# [Task requirements]
Would you retype the listing word for word, skipping its pictures?

# [Available data]
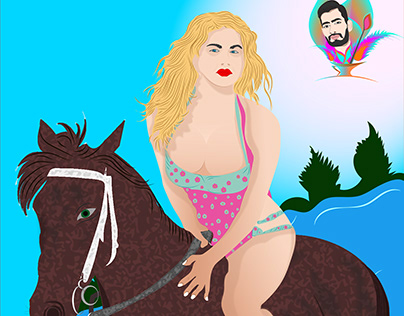 Horse riding illustration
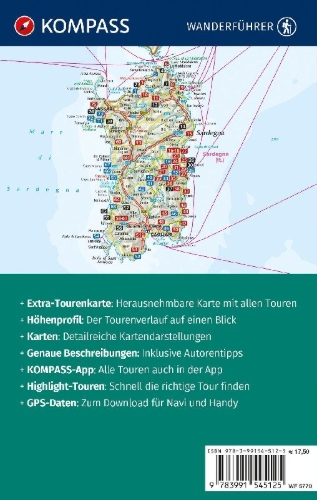 Buchcover und Innenansicht für das Buch: KOMPASS Wanderführer Sardinien, 75 Touren mit Extra-Tourenkarte
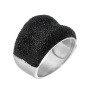 Серебряное кольцо с глиттером «Черный элемент» 01760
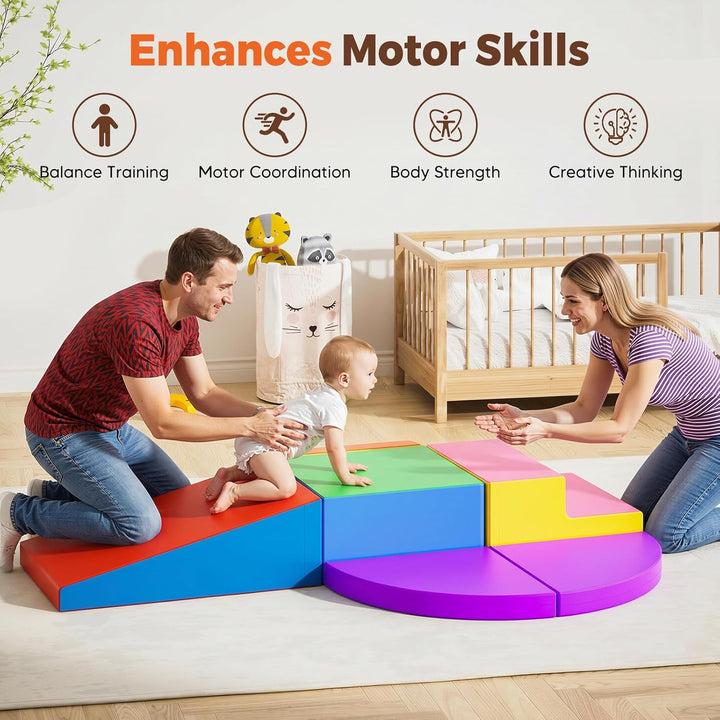 6er Schaumstoffbausteine Kinder | EPE Softbausteine | Motorikspielzeug Krabbellandschaft | Kletterba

# [Result below]
 Horse riding illustration
 Buchcover und Innenansicht für das Buch: KOMPASS Wanderführer Sardinien, 75 Touren mit Extra-Tourenkarte
 Серебряное кольцо с глиттером «Черный элемент» 01760
 6er Schaumstoffbausteine Kinder | EPE Softbausteine | Motorikspielzeug Krabbellandschaft | Kletterba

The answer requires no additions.